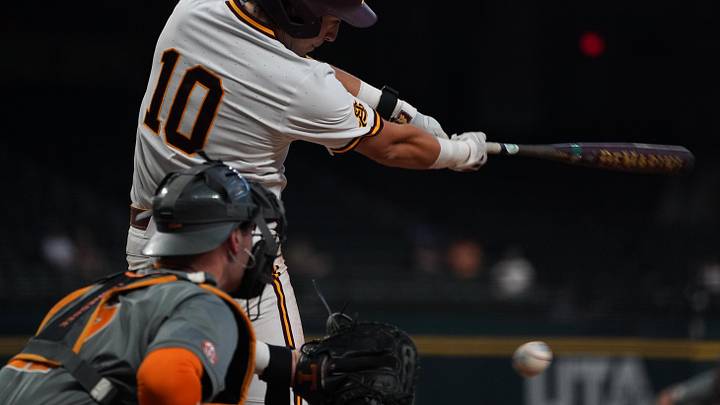 Feb 28, 2026; Arlington, TX, USA; Tennessee Volunteers against Arizona State Sun Devils during the Amegy Bank College Baseball Series at Globe Life Field. Mandatory Credit: Dustin Safranek-Imagn Images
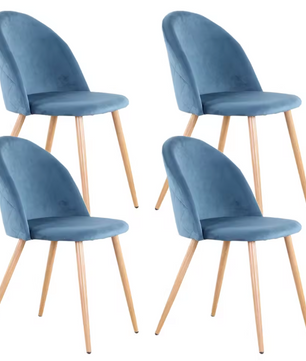Set van 2/4/6 Blauwe Fluwelen Eetkamerstoelen – Scandinavisch Design met Metalen Poten – Comfortabele Stoelen voor Eetkamer & Woonruimte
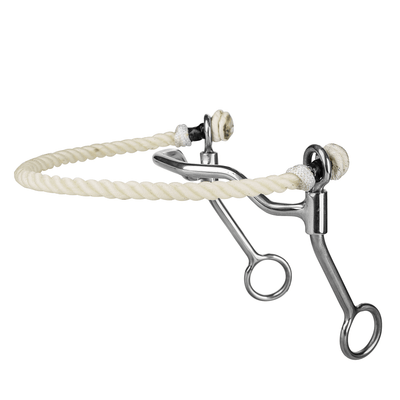 Tabelo Stainless Steel Short Shank Hackamore with Lariat Noseband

▶ [What is required]
Without the pictures, output the full listing exactly as it stands.

▶ [Result of this task]
 Feb 28, 2026; Arlington, TX, USA; Tennessee Volunteers against Arizona State Sun Devils during the Amegy Bank College Baseball Series at Globe Life Field. Mandatory Credit: Dustin Safranek-Imagn Images
Set van 2/4/6 Blauwe Fluwelen Eetkamerstoelen – Scandinavisch Design met Metalen Poten – Comfortabele Stoelen voor Eetkamer & Woonruimte
 Tabelo Stainless Steel Short Shank Hackamore with Lariat Noseband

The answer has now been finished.